» What to produce:
The copy must run from the line containing "Women's hands choose" through the final line of the records, both included, exactly as written. It should contain no pictures.

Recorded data

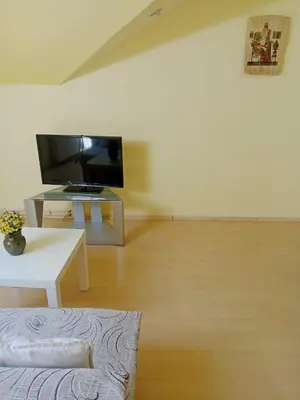 a living room with a television and a white table at Stan Na Dan - Mladenovac in Mladenovac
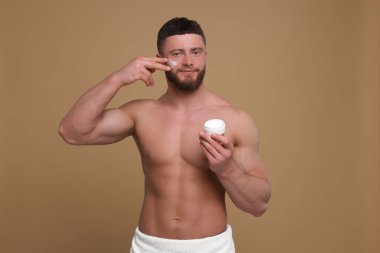 Yakışıklı bir adam soluk kahverengi arka planda yüzüne krem sürüyor.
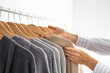 Women's hands choose neutral clothes from a hanger. White, beige and gray jersey.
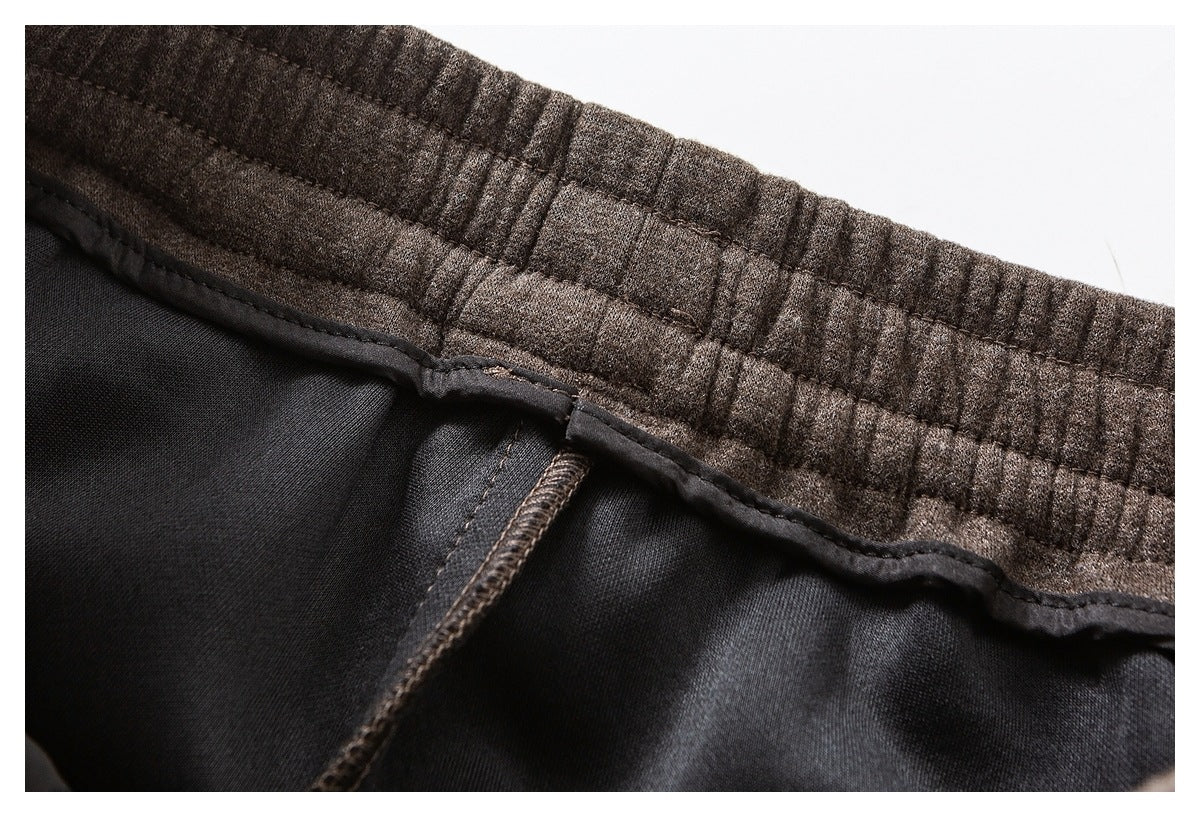 Close-up of a dark brown elastic waistband and black interior lining.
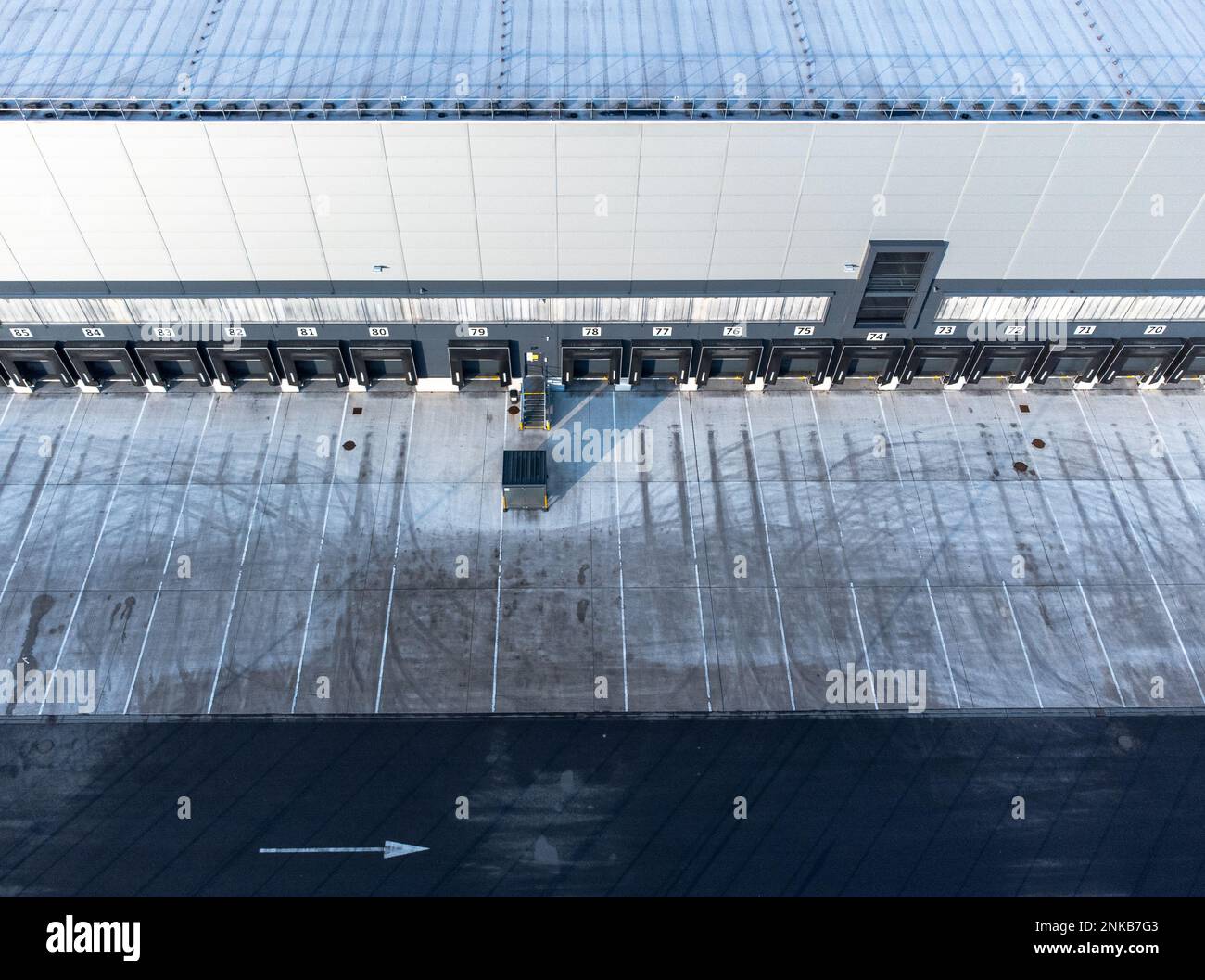 Large distribution warehouse exterior with loading ramp aerial top down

» Task response:
 Women's hands choose neutral clothes from a hanger. White, beige and gray jersey.
 Close-up of a dark brown elastic waistband and black interior lining.
 Large distribution warehouse exterior with loading ramp aerial top down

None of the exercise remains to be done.